How to complete this task:
The pictures are to be left out when the listing below is reproduced word for word.
*** Opening of The data ***
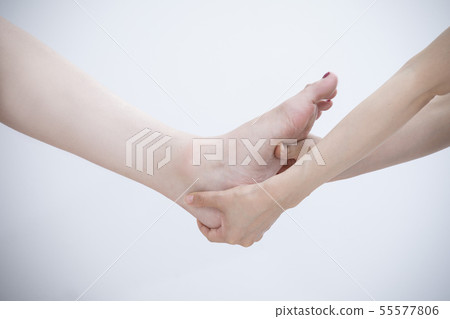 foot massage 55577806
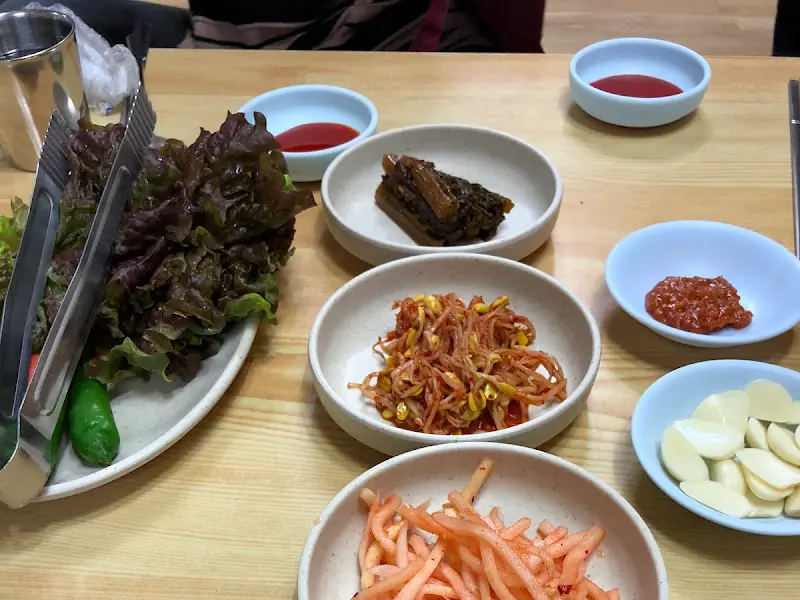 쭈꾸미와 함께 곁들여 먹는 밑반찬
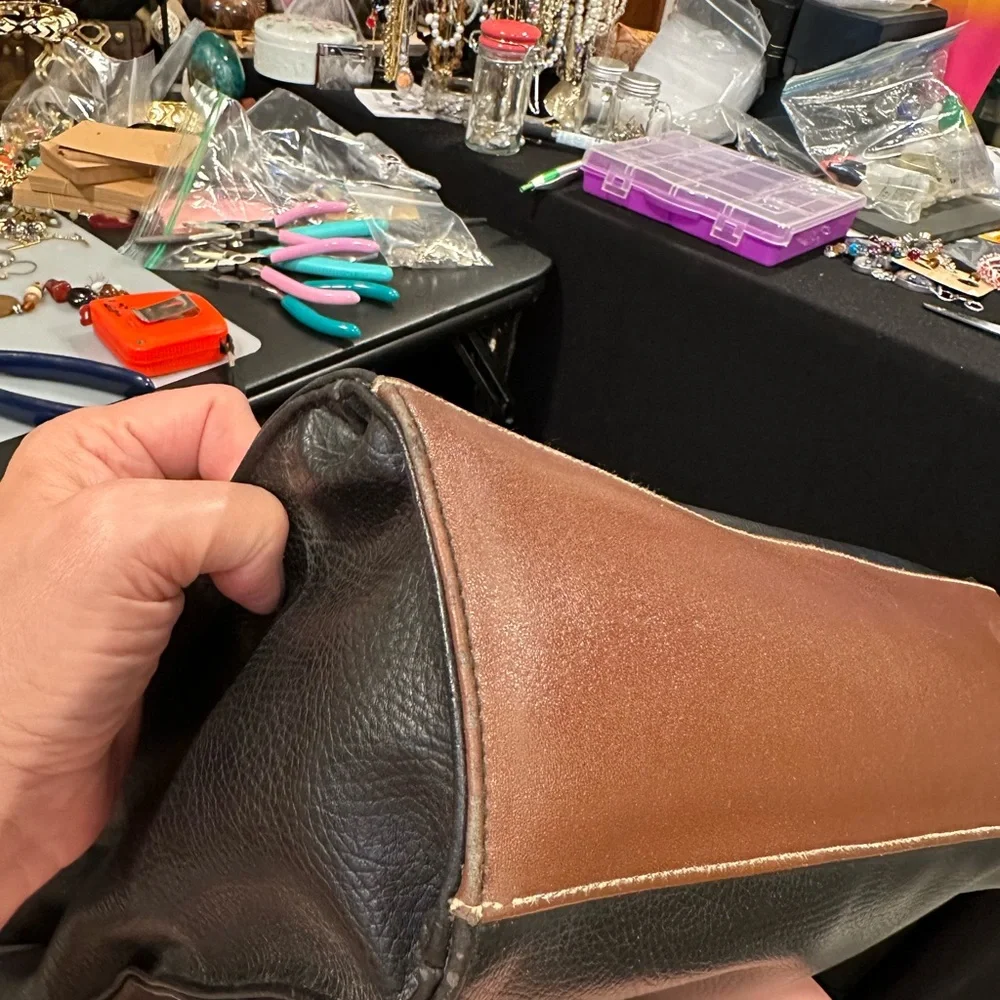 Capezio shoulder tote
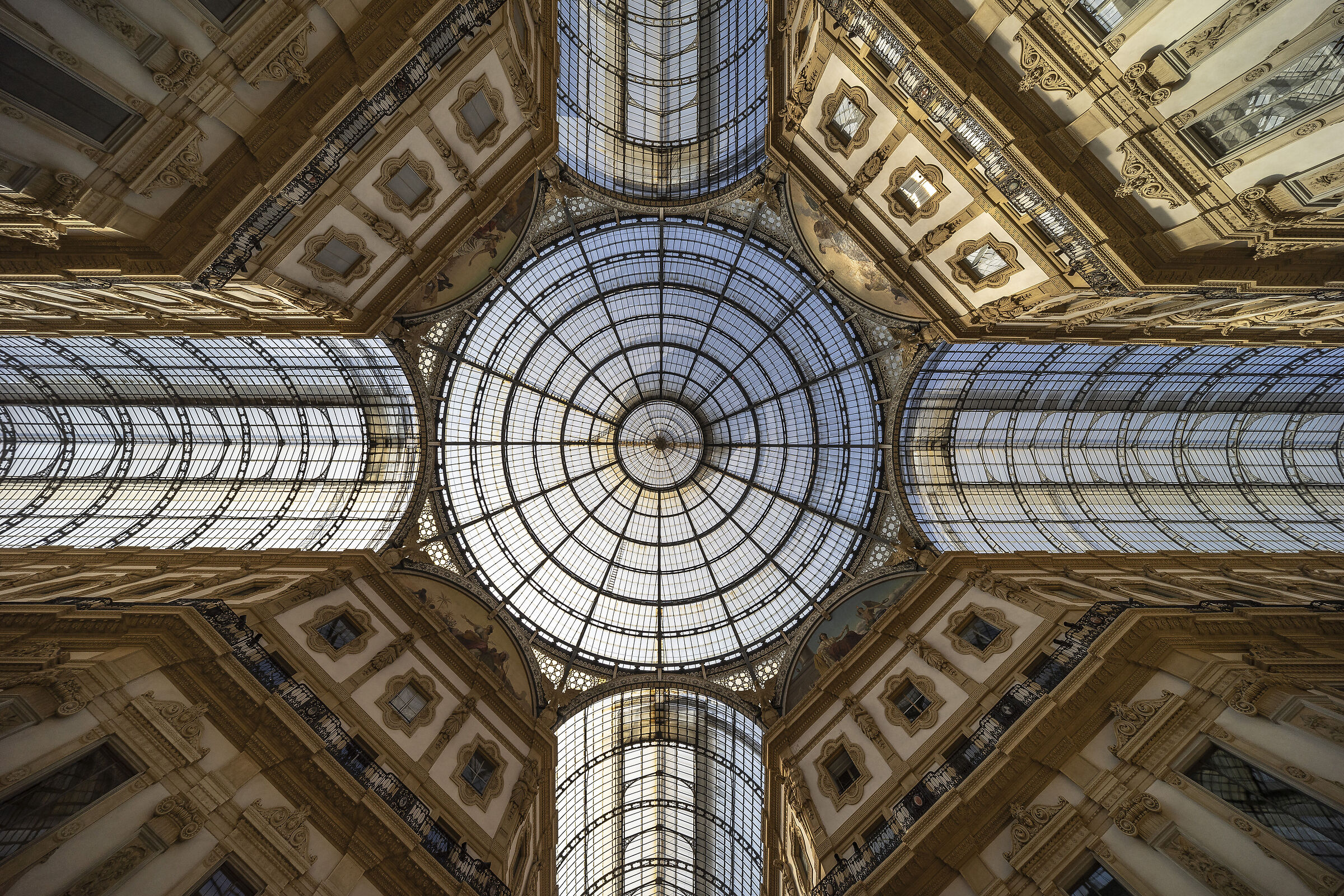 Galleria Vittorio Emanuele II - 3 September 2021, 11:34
*** Close of The data ***
Written solution:
 foot massage 55577806
 쭈꾸미와 함께 곁들여 먹는 밑반찬
 Capezio shoulder tote
 Galleria Vittorio Emanuele II - 3 September 2021, 11:34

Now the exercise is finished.